| What the exercise asks |
The lines to extract run from the first line of the material below to the line containing "Used 2025 Nissan Versa SV FWD image 18", both included; leave the pictures behind.

[[ Data supplied, beginning ]]

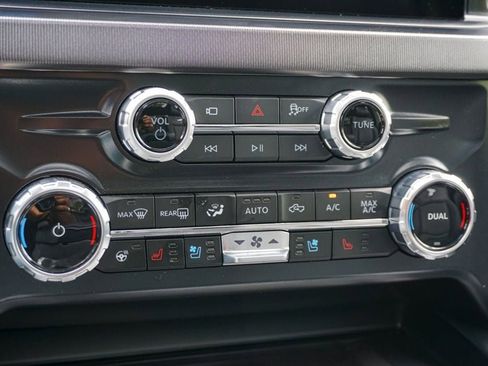 Used 2026 Ford F450 Platinum AWD/4WD image 87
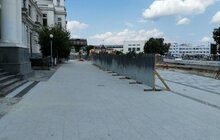 Фото 2: На пл. Двірцевій встановили делініатори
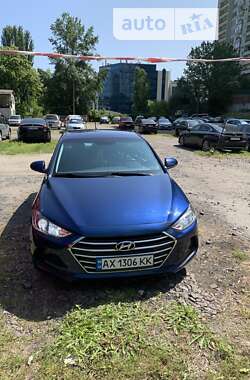 Седан Hyundai Elantra 2017 в Киеве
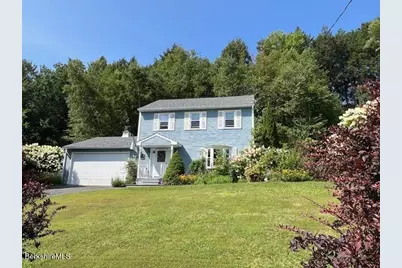 215 Partridge Rd, Pittsfield, MA 01201 - Photo 3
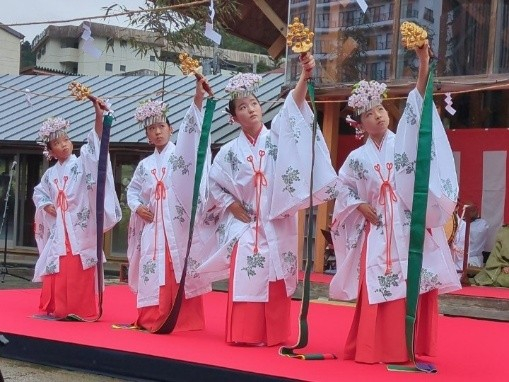 巫女舞奉納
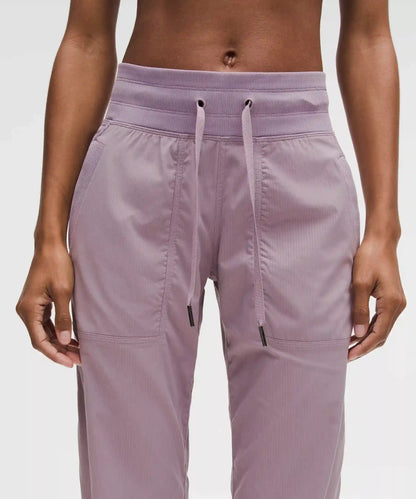 Dance Studio Mid-Rise Pant *Regular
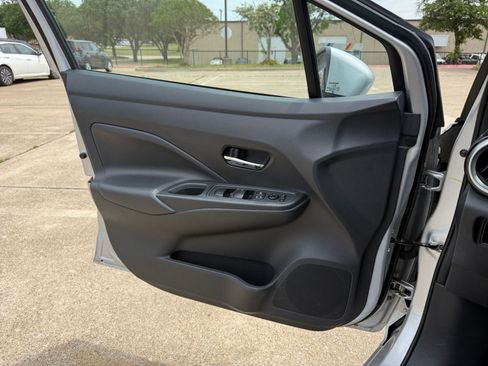 Used 2025 Nissan Versa SV FWD image 18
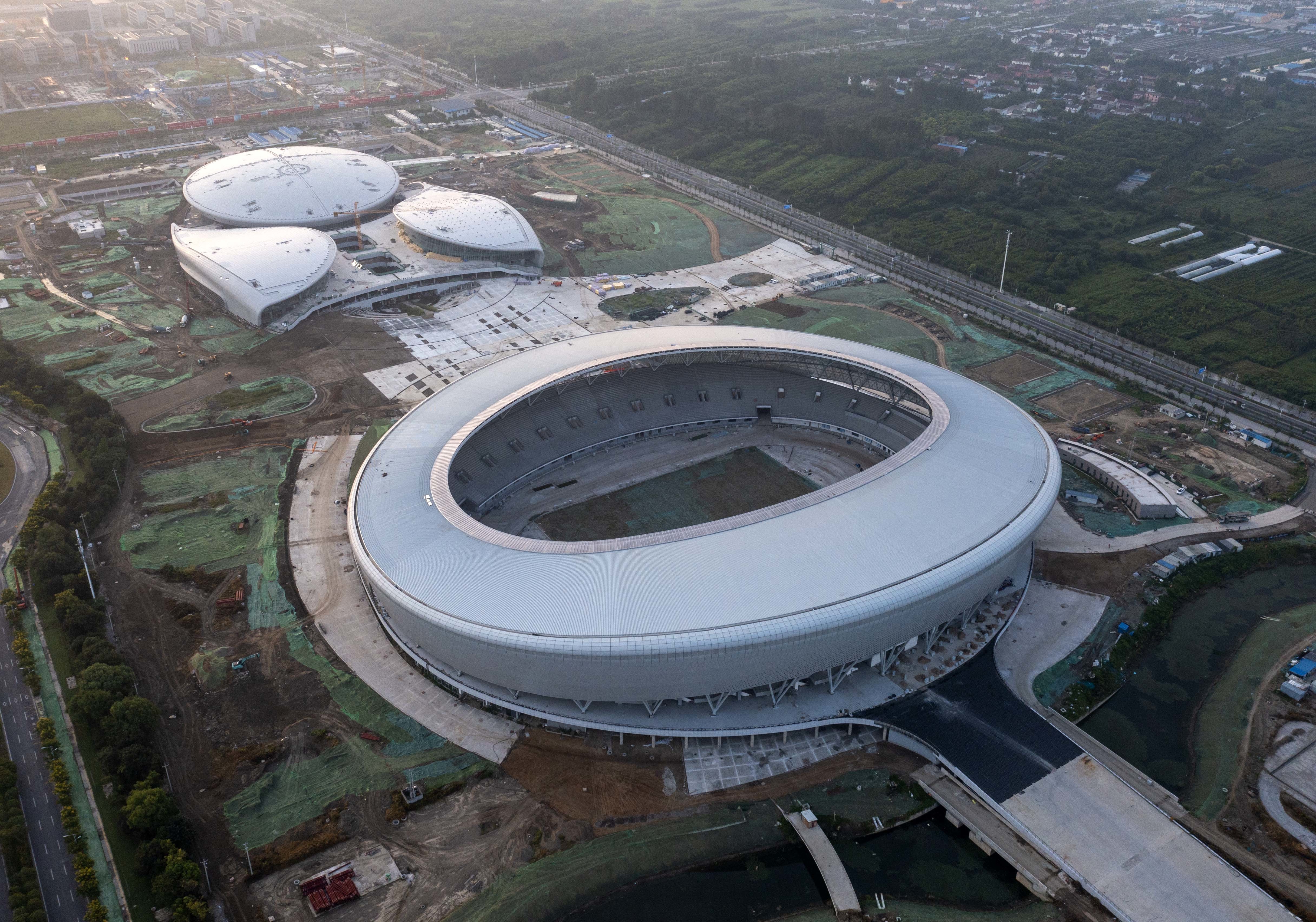 2021年8月31日,江苏省泰州市体育公园项目建设工地,一场三馆施工正在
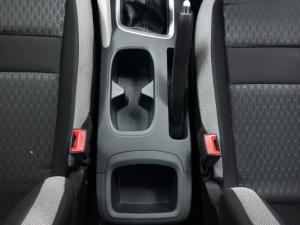 Nissan Magnite 1.0 Visia auto - Image 11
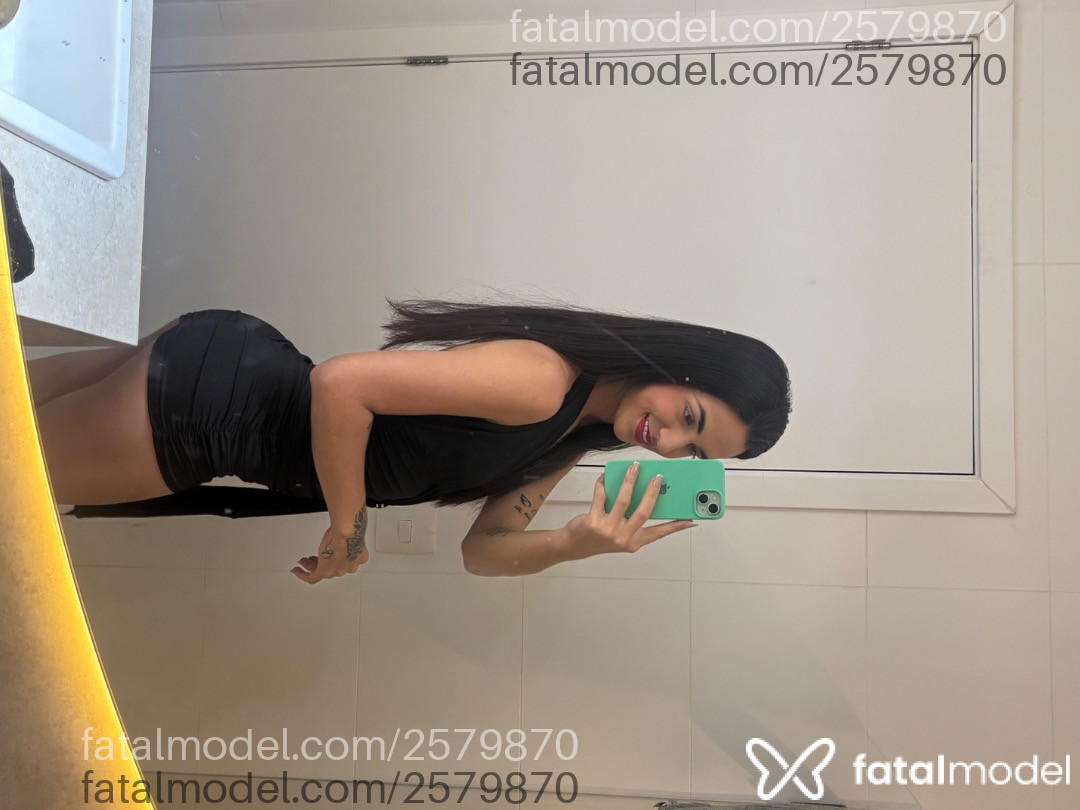Acompanhante mulher trans com cabelo castanho de olhos castanhos - Nicolly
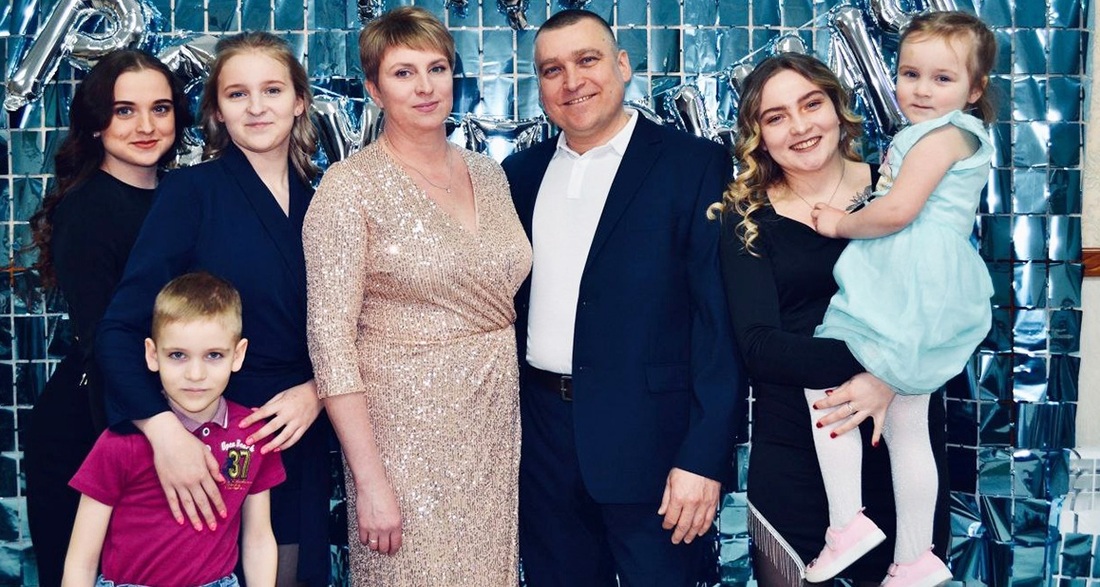 Семья из Великого Устюга получила медаль ордена «Родительская слава»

[[ Data supplied, end ]]

| Answer box |
 Used 2026 Ford F450 Platinum AWD/4WD image 87
 Фото 2: На пл. Двірцевій встановили делініатори
 Седан Hyundai Elantra 2017 в Киеве
 215 Partridge Rd, Pittsfield, MA 01201 - Photo 3
 巫女舞奉納
 Dance Studio Mid-Rise Pant *Regular
 Used 2025 Nissan Versa SV FWD image 18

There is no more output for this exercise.